Minnesota and former Northern Illinois football coach Jerry Kill announces his retirement.  He's been battling epilepsy and on occasion had to coach from the press box.  Around Northern Illinois sports, Mr Kill is honored by current and past players.
"The impact Coach Kill had on everyone is evident today seeing the support for his retirement," tweeted former linebacker Patrick Schiller, who was with Northern Illinois from 2007-2011 and is now playing for the Atlanta Falcons. "He taught me to be a man, went beyond football."

While current Northern Illinois coach Rod Carey came to Northern Illinois in 2011, he praised Kill for not only helping him, but elevating the Huskie program that he eventually took over.

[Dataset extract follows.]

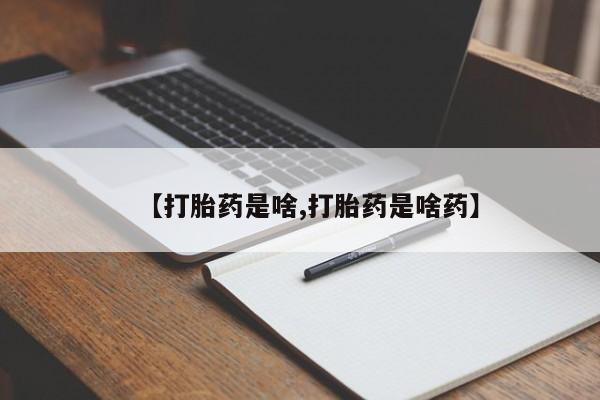 打胎药药店有卖【打胎药是啥,打胎药是啥药】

"There's no doubt Coach Kill helped set the stage for where we are as a program right now," Carey said. "Personally, he was always willing to help and spend time with me, talk with me as I started out as a head coach. He is just a genuine, genuine person who is stepping aside for all the right reasons. It's so hard because we're going to miss him."
Thus life goes on in the Mid-American Conference, where successful coaches often receive offers they can't turn down from more visible programs.  Northern Illinois has managed to continue to field competitive teams, despite those teams making the coaches look so good that such offers come in.

And Mr Kill brought what the punditry characterizes as a "hard hat and lunch pail" approach to football, which apparently meant thinking about it all the time. But it also involved acting like a guy who started as a volunteer tackling-dummy holder rather than as Tsarevich.
Jerry Kill was more than a football coach. You'll read and hear endless stories about him today, about his kindness, about his on-field successes and how genuine of a guy he really is. Realize that hardly any college football coach gets this kind of treatment, especially on a national level.
At the time Mr Kill left for Minnesota, I wished him well, and also that the Axe remain in Madison.  Although he finished with an even record at Minnesota, the Axe is still in Madison.